Chile przegrało z „Albicelestes” w
piątek. Jedyną bramkę, już w 16. minucie spotkania, zdobył Leo
Messi, który wykorzystał karnego. Sánchez przebywał na murawie
przez pełne 90 minut, ale nie potrafił wpłynął na wynik meczu.
Przegrana mocno skomplikowała sytuację „La Roja” w tabeli
eliminacji mistrzostw świata. W tym momencie Chilijczycy zajmują w
niej szóste miejsce.
Do niezbyt miłego incydentu z udziałem
gwiazdora Arsenalu doszło już w sobotę, gdy Chilijczycy otrzymali
wolne. Właśnie wtedy 28-latek został złapany przez policję w
okolicach stolicy Chile, Santiago. Przyczyna? Piłkarz jechał z
nadmierną prędkością. W miejscu, w którym obowiązywało
ograniczenie do 120 km/h, jego licznik miał wskazywać 155 km/h.
Sánchezowi natychmiast odebrano prawo jazdy.
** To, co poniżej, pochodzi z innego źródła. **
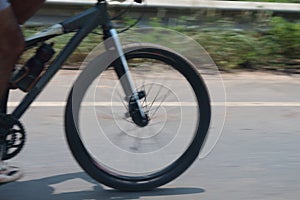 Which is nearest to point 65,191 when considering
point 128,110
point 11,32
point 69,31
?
point 128,110

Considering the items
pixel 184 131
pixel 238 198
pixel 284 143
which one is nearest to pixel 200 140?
pixel 184 131

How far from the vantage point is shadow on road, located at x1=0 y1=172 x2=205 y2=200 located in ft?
12.8

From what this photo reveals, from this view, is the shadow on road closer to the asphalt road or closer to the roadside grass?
the asphalt road

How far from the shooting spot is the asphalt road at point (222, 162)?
399cm

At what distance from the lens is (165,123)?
4.07 meters

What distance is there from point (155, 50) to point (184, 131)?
0.53m

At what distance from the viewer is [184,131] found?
4.05 m

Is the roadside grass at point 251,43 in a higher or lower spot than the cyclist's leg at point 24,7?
lower

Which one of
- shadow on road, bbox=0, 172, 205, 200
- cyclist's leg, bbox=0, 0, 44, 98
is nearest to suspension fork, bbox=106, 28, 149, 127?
shadow on road, bbox=0, 172, 205, 200

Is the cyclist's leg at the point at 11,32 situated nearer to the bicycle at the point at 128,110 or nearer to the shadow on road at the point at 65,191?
the bicycle at the point at 128,110

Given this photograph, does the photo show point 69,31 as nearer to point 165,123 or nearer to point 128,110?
point 128,110

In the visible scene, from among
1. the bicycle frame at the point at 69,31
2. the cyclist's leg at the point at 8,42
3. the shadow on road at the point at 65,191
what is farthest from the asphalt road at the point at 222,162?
the cyclist's leg at the point at 8,42

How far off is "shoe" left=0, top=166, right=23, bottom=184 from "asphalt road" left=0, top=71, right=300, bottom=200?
134mm

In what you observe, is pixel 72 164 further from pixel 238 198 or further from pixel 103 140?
pixel 238 198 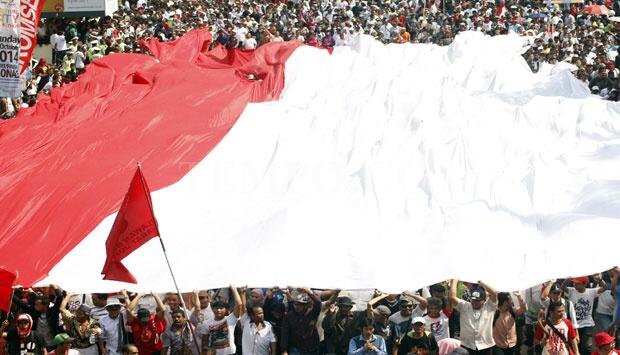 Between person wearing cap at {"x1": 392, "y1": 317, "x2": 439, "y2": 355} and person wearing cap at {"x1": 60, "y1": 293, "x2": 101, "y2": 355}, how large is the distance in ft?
10.3

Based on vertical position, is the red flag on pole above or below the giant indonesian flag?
above

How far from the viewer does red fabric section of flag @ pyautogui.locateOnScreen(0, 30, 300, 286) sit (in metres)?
14.0

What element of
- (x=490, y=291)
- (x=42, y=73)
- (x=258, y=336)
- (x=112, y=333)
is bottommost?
(x=42, y=73)

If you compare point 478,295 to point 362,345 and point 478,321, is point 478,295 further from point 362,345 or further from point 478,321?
point 362,345

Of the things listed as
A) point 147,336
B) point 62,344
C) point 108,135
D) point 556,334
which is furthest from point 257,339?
point 108,135

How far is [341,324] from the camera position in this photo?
476 inches

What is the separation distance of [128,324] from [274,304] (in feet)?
4.85

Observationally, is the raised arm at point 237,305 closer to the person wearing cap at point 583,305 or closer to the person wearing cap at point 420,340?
the person wearing cap at point 420,340

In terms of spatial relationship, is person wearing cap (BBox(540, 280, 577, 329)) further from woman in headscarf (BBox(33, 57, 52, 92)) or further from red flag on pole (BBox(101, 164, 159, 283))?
woman in headscarf (BBox(33, 57, 52, 92))

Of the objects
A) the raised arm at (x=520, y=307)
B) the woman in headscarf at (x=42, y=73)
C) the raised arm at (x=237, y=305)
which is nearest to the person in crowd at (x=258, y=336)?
the raised arm at (x=237, y=305)

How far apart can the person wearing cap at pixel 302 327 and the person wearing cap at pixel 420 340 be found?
1.03 meters

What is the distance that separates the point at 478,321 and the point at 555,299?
2.64 ft

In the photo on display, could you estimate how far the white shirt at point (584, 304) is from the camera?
42.5ft

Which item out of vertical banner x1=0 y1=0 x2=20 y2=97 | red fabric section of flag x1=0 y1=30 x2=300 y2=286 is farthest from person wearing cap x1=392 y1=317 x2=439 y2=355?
vertical banner x1=0 y1=0 x2=20 y2=97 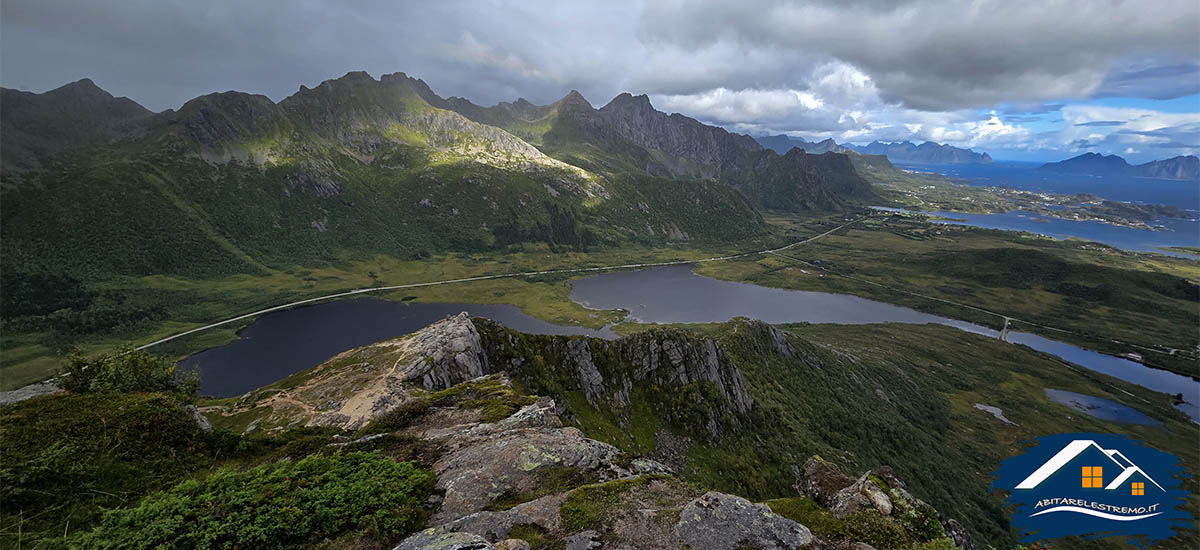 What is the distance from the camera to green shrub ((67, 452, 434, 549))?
46.4 ft

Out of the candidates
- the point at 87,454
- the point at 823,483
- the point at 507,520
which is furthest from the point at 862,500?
the point at 87,454

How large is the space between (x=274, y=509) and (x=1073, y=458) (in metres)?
144

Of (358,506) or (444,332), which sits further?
(444,332)

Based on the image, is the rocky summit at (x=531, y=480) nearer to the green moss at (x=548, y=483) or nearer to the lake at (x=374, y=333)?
the green moss at (x=548, y=483)

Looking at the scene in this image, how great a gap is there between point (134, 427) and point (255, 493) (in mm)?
10330

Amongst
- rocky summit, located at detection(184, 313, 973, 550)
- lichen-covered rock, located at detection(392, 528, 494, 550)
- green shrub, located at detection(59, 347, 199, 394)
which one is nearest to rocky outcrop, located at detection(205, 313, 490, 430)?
rocky summit, located at detection(184, 313, 973, 550)

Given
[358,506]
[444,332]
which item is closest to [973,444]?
[444,332]

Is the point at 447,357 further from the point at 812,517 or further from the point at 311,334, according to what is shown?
the point at 311,334

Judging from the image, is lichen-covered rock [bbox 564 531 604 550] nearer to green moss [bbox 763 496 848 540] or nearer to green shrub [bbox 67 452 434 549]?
green shrub [bbox 67 452 434 549]

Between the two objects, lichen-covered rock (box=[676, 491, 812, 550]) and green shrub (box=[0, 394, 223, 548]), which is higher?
green shrub (box=[0, 394, 223, 548])

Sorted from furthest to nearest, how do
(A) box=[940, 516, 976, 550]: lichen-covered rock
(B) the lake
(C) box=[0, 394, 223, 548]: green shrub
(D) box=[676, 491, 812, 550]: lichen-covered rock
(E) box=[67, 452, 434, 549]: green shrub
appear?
(B) the lake
(A) box=[940, 516, 976, 550]: lichen-covered rock
(D) box=[676, 491, 812, 550]: lichen-covered rock
(C) box=[0, 394, 223, 548]: green shrub
(E) box=[67, 452, 434, 549]: green shrub

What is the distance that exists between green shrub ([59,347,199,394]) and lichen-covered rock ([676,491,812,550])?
35.5 meters

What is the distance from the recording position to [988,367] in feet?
464

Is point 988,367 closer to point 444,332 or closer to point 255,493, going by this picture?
point 444,332
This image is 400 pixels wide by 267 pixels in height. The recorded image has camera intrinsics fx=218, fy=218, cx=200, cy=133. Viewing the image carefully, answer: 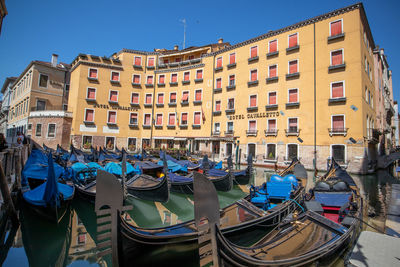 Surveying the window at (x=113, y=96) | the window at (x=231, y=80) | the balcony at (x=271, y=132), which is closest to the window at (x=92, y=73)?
the window at (x=113, y=96)

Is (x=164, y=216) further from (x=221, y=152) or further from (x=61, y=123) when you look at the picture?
(x=61, y=123)

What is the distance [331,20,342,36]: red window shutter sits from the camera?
13.5 m

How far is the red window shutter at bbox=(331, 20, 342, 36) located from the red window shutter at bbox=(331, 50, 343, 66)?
3.98ft

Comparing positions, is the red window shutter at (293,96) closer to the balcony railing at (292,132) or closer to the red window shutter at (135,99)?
the balcony railing at (292,132)

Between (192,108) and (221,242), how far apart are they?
17654mm

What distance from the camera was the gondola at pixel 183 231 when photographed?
2.67m

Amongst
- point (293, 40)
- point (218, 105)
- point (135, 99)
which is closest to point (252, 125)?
point (218, 105)

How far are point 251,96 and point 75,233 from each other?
1467cm

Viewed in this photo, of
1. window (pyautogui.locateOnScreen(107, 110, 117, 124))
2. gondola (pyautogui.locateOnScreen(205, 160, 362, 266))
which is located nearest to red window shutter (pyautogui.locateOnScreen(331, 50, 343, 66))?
gondola (pyautogui.locateOnScreen(205, 160, 362, 266))

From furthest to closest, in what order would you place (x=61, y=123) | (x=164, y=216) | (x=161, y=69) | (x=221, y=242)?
(x=161, y=69)
(x=61, y=123)
(x=164, y=216)
(x=221, y=242)

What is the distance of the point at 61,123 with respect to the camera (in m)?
18.7

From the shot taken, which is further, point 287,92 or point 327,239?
point 287,92

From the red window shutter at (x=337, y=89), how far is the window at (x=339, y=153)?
10.3 ft

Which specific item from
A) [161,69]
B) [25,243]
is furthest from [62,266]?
[161,69] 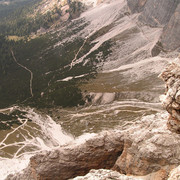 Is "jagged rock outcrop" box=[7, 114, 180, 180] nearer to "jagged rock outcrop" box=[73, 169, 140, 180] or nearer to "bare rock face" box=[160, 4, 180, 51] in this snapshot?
"jagged rock outcrop" box=[73, 169, 140, 180]

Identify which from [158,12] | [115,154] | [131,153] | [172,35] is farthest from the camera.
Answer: [158,12]

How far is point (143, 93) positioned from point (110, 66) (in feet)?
125

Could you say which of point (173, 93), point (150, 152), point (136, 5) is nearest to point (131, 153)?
point (150, 152)

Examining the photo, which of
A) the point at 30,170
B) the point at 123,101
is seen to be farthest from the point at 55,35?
the point at 30,170

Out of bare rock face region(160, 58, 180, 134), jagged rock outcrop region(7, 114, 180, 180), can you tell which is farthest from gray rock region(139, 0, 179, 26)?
bare rock face region(160, 58, 180, 134)

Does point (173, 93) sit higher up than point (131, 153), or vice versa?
point (173, 93)

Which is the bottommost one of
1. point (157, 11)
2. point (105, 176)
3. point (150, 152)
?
point (157, 11)

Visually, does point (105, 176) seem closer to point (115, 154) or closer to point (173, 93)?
point (173, 93)

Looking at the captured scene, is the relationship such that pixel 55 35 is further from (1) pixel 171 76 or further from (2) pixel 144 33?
(1) pixel 171 76

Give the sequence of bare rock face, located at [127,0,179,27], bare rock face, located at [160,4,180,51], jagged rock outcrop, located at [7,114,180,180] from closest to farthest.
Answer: jagged rock outcrop, located at [7,114,180,180] → bare rock face, located at [160,4,180,51] → bare rock face, located at [127,0,179,27]

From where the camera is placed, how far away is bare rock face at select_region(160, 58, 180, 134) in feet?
54.1

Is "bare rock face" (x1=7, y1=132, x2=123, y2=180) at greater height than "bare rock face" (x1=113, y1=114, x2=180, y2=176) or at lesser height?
lesser

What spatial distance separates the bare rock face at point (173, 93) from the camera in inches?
650

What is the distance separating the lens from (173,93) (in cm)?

Oprócz tego, 12 kwietnia będzie musiał stawić się w ojczyźnie na rozprawie, która rozstrzygnie o ostatecznej karze.
Wcześniej, bo w najbliższą środę jego reprezentacja zmierzy się w bardzo ważnym z jej punktu widzenia kolejnym meczu eliminacyjnym z Wenezuelą.